Intravenous immune globulin (IVIG) therapy is prescribed for a child diagnosed with idiopathic thrombocytopenic purpura (ITP). What are the expected results of this medication?

A. Urine positive for glucose and negative for protein

B. Urine specific gravity of 1.020 and negative for red blood cells

C. White blood cell count 18,000 mm^3 (18 × 10^9/L) and platelets 355,000 mm^3 (355 × 10^9/L)

D. Blood urea nitrogen (BUN) 22 mg/dL (7.92 mmol/L) and creatinine levels of 2.1 mg/dL (185 mcmol/L)

Explanation: IVIG is usually effective to rapidly increase the platelet count.
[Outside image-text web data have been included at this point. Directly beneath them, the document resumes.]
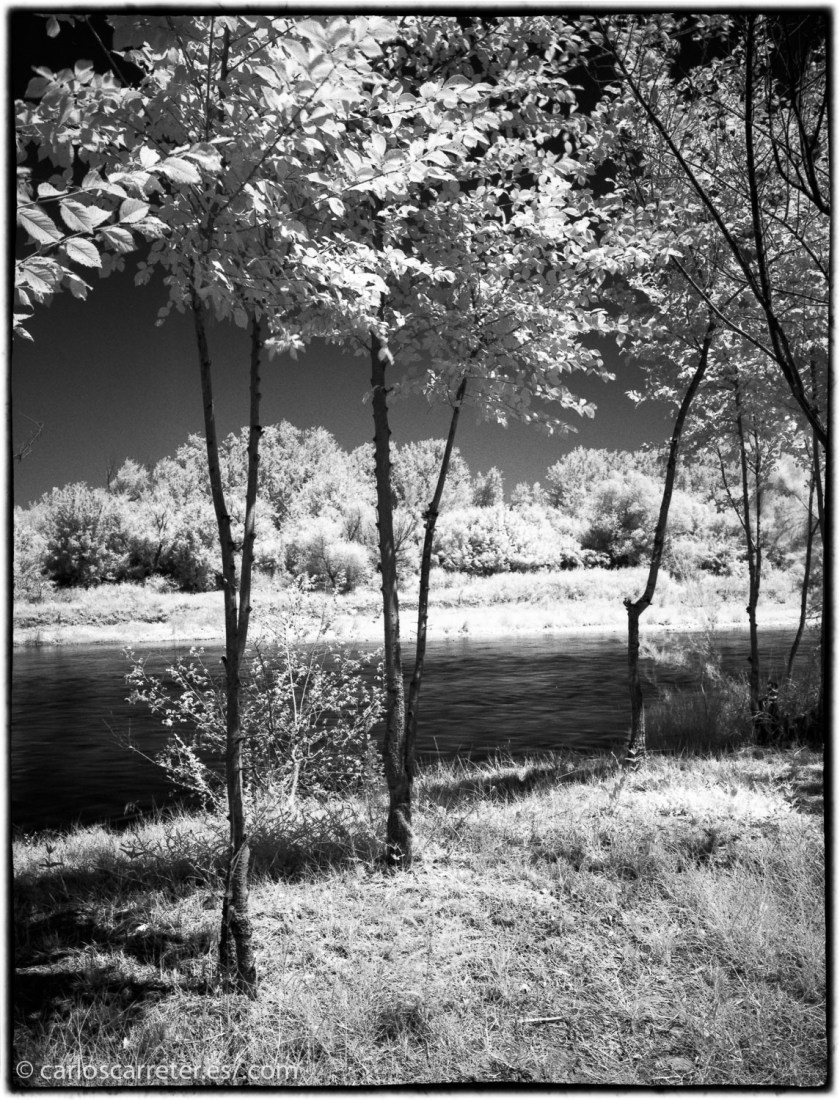 20170719-SuperP200IR+Rodinal1.50_028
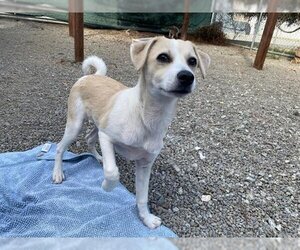 Mutt Dogs for adoption in Santa Cruz, CA, USA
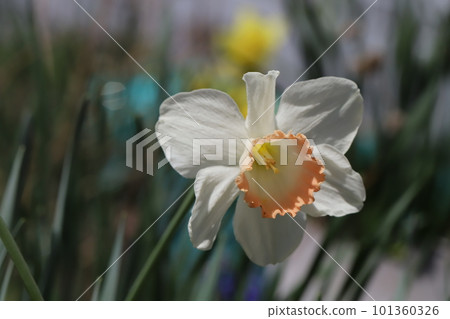 Large white daffodil flowers blooming in the spring sunshine Large white daffodil flowers blooming in the spring sunshine 101360326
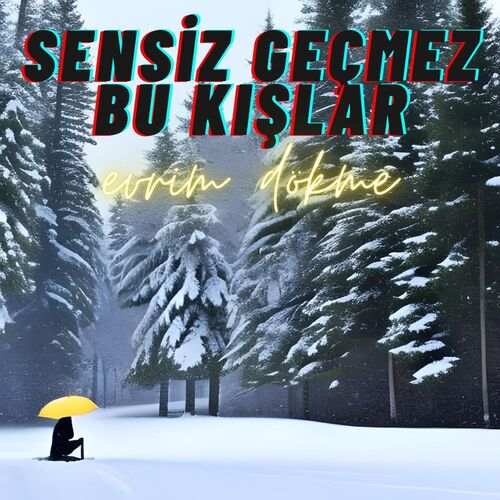 Sensiz Geçmez Bu Kışlar cover art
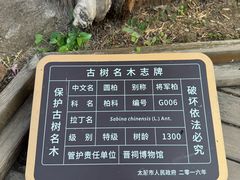-晋祠博物馆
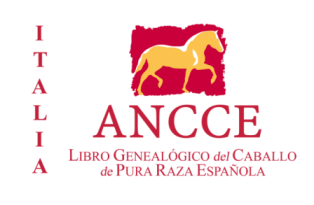 ancceitalianuevo.png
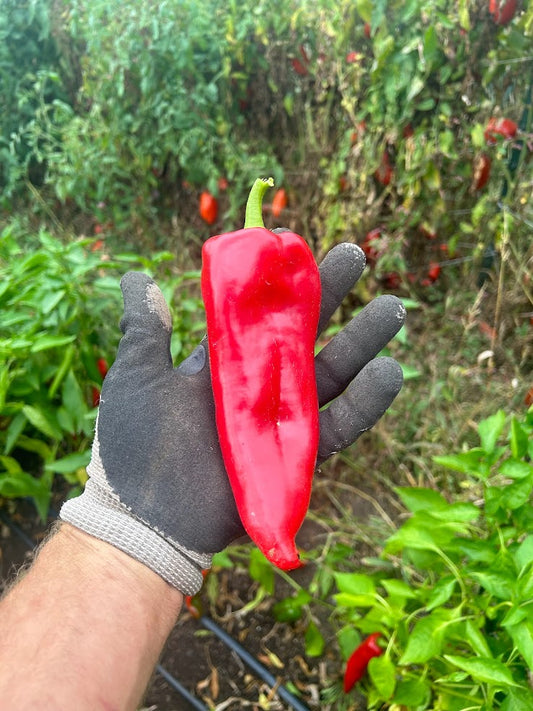 Sweet Pepper, Early Perfect Italian OG
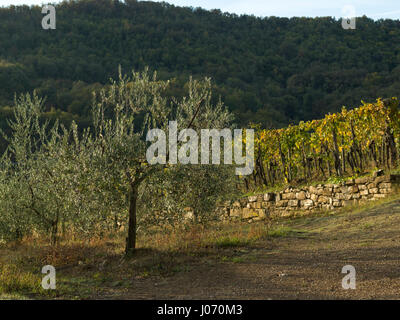 Malerische Aussicht von kleinen Bäumen wächst im Weinberg, Toskana, Italien Stockfoto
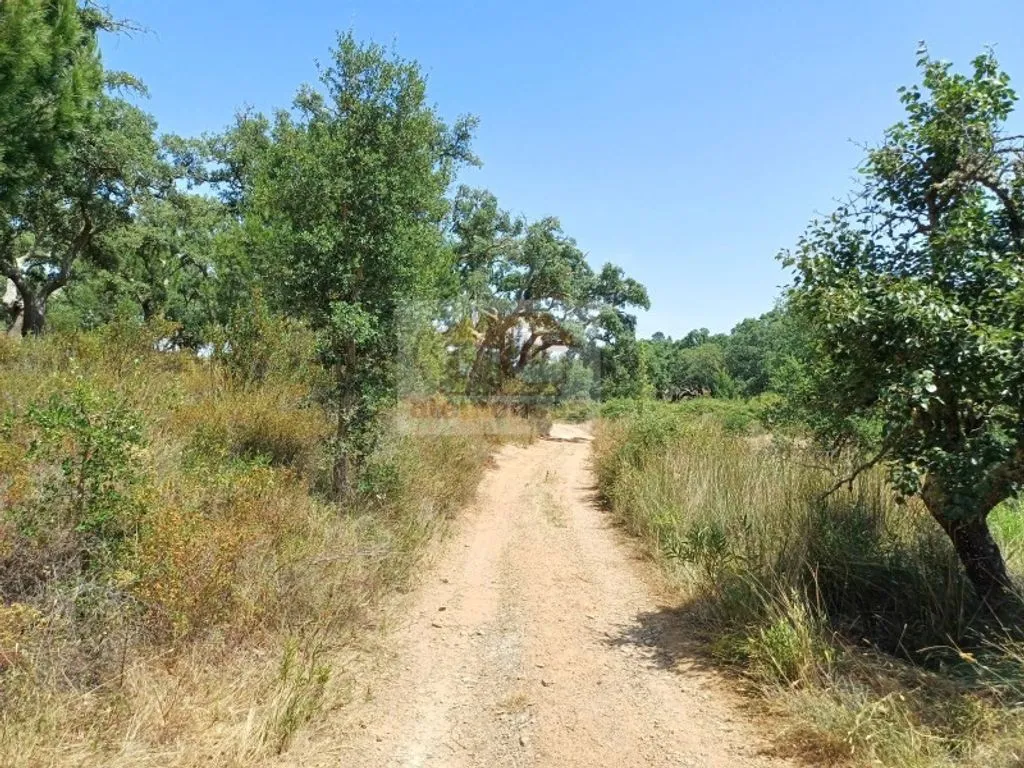 Garden - Development Land with Mountain Views in Grândola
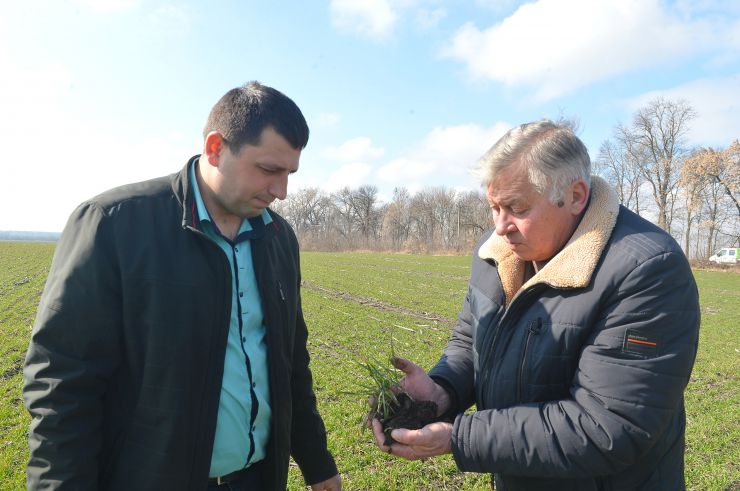 Посівна у НДГ Великоснітинське
Відокремлений підрозділ Національного університету біоресурсів і природокористування «Великоснітинське навчально-дослідне господарство ім. О.В.Музиченка» повним ходом сіє ячмінь, далі на черзі овес, соняшник, кукурудза, сорго та інші ярі культури.  Вже відбулося перше підживлення озимини на всіх засіяних площах. Зараз посіви боронуються роторною бороною, щоб забезпечити активне дихання і розвиток рослин.
Начальник відділу організаційної діяльності НДГ, Боярської ЛДС та навчально-виробничої практики Микола Грунтковський директор господарства Микола Журавель
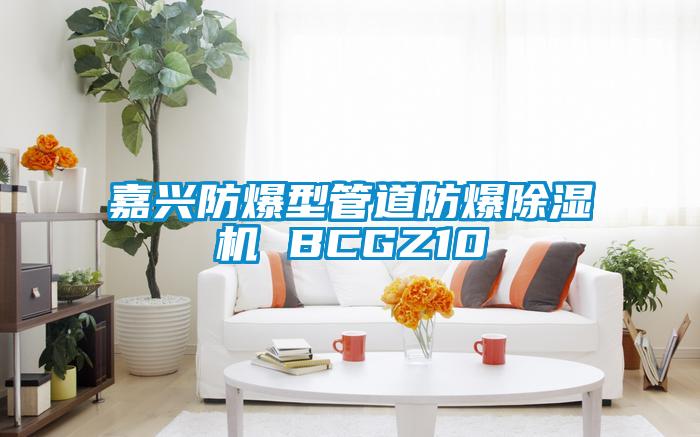 嘉興防爆型管道防爆除濕機 BCGZ10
It is thought to act by interfering with the attachment of antibody-coded platelets to receptors on the macrophage cells of the reticuloendothelial system. Corticosteroids may be prescribed to enhance vascular stability and decrease the production of antiplatelet antibodies. Based on this information, the remaining options are unrelated to the administration of this medication.